Effective management of atrial myxoma requires a coordinated, interprofessional strategy that integrates timely recognition, accurate diagnosis, and definitive surgical treatment. Physicians and advanced practitioners must maintain a high index of suspicion in patients presenting with unexplained embolic events, positional cardiac symptoms, or constitutional findings, and promptly initiate diagnostic evaluation with transthoracic or transesophageal echocardiography. Cardiologists and cardiothoracic surgeons collaborate to interpret imaging, assess surgical risk, and determine the urgency of resection to minimize embolic and obstructive complications. Clear communication of diagnostic findings, operative indications, and perioperative risks is essential to align the care plan with patient goals and ensure informed decision-making.

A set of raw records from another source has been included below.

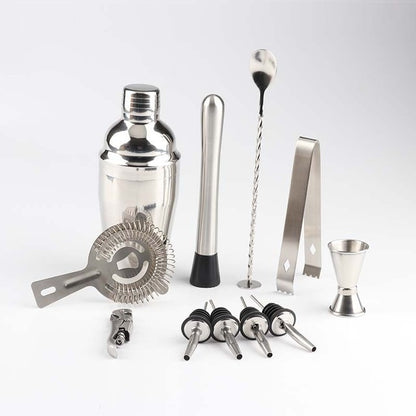 Stainless Steel Cocktail Shaker  with Wooden Stand for Home Bar Party 219217507192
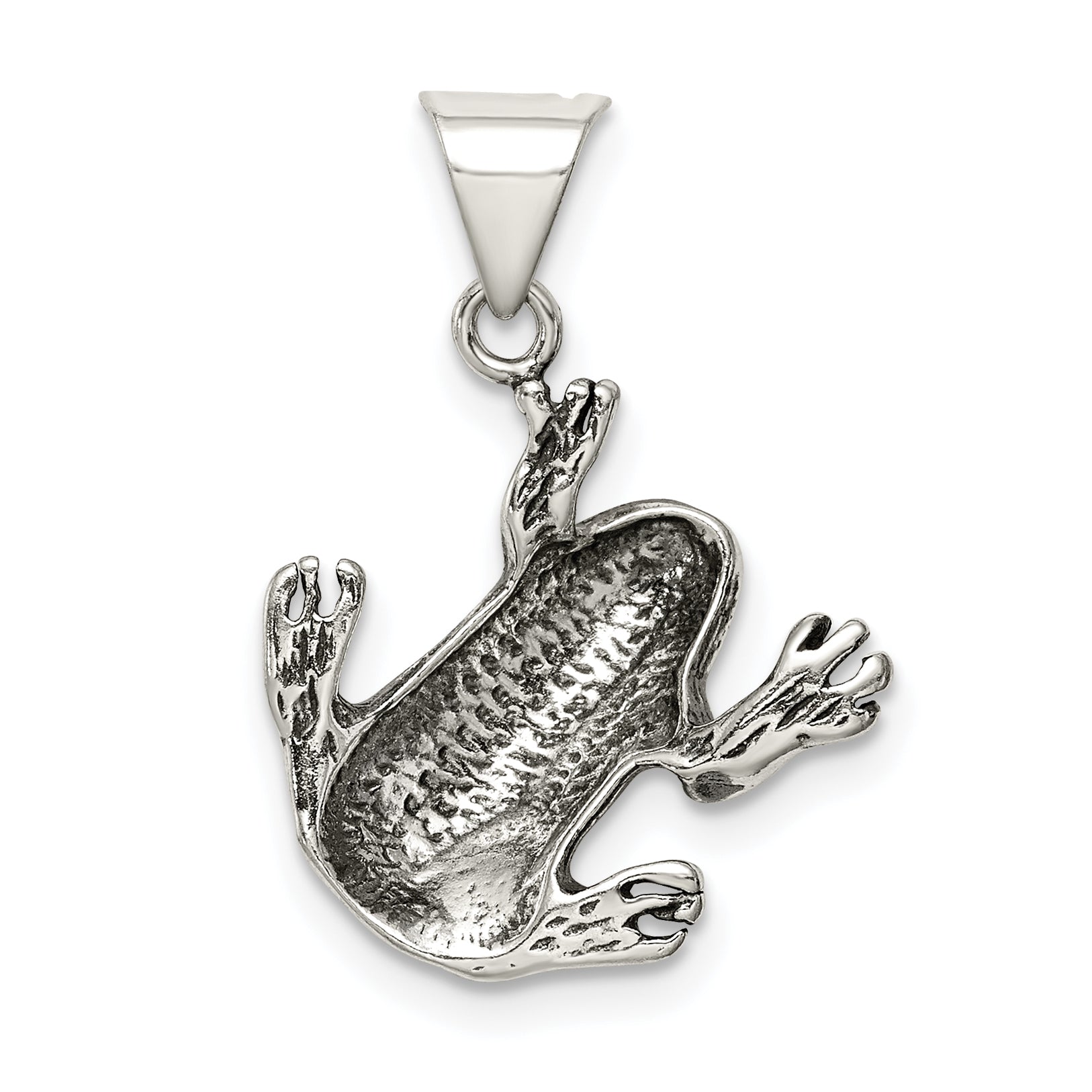 Sterling Silver 925 Frog Charm with Antiqued Finish for Men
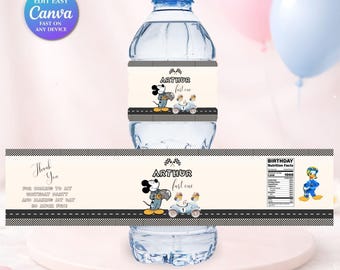 Garrafa de água para festa do Mickey Mouse | Aniversário de 1 ano do Mickey Roadster | Pacote de aniversário editável para o primeiro aniversário | Chá de bebê do Mickey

Nurses, pharmacists, and allied health professionals play a critical role in optimizing perioperative safety and longitudinal outcomes. Nursing staff coordinate preoperative assessments, monitor for hemodynamic instability or embolic sequelae, and provide postoperative surveillance for arrhythmias and recurrence. Pharmacists support medication reconciliation, anticoagulation management when indicated, and infection prevention strategies. Ongoing care coordination among the interprofessional team ensures structured follow-up, surveillance imaging, patient education on symptom recurrence, and adherence to postoperative plans. This collaborative approach enhances patient-centered care, improves team performance, and reduces the risk of preventable complications associated with atrial myxoma.